Pruning Filter in Filter

Introduction

This is the PyTorch implementation of our NeurIPS 2020 paper "Pruning Filter in Filter". In this paper:

  1. We propose a new pruning paradigm called Stripe-wise-Pruning(SP), which can be seen as a general case of the Filter-Pruning (FP).

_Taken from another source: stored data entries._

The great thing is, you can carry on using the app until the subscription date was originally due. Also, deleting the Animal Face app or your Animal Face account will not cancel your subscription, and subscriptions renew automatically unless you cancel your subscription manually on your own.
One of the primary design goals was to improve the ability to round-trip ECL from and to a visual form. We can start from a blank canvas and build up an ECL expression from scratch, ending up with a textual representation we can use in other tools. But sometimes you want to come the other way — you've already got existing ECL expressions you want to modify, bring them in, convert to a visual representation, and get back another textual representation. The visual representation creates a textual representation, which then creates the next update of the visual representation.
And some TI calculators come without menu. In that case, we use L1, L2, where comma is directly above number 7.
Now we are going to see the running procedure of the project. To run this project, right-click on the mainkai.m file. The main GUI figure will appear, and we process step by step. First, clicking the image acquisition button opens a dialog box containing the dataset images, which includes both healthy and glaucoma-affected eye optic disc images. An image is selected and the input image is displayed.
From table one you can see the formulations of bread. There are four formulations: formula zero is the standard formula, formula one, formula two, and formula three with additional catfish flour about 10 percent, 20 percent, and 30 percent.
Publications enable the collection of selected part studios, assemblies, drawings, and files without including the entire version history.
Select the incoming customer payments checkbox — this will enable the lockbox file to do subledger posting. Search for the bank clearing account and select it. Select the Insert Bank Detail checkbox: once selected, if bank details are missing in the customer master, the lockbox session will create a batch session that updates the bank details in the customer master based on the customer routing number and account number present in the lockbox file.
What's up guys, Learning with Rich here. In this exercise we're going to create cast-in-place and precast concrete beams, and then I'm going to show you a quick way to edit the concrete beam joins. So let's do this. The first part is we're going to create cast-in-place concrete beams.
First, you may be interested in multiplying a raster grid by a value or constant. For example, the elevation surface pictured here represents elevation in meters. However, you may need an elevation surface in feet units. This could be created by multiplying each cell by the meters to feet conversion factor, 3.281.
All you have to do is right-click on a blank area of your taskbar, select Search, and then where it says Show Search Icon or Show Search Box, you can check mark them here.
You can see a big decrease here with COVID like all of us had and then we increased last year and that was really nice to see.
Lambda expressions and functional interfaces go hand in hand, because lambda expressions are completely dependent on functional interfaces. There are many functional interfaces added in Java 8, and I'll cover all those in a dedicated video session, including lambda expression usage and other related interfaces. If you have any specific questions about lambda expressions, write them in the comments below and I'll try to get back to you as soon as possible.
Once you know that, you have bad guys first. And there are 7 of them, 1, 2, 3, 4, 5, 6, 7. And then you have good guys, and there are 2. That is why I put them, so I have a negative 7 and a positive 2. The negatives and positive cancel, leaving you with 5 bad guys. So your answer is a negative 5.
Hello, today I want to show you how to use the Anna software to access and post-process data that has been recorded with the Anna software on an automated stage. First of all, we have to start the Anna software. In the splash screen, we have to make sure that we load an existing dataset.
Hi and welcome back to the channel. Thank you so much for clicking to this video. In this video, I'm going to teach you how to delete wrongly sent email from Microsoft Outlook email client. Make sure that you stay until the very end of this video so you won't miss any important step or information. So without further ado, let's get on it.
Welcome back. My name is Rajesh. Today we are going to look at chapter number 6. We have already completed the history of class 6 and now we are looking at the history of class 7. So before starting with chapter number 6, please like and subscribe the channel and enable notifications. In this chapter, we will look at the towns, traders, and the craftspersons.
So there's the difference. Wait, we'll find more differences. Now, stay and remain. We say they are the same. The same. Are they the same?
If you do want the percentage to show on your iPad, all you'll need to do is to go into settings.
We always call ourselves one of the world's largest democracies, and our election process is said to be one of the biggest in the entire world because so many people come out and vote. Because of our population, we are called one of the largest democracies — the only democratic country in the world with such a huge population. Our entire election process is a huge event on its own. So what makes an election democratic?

SP treats a filter $F \in \mathbb{R}^{C\times K\times K}$as $K\times K$ stripes (i.e., $1\times 1$ filters $\in \mathbb{R}^c $ ), and perform pruning at the unit of stripe instead of the whole filter. Compared to the existing methods, SP achieves finer granularity than traditional FP while being hardware friendly than Weight-Pruning and keeping independence between filters than Group-wise-Pruning, leading to state-of-the-art pruning ratio on CIFAR-10 and ImageNet.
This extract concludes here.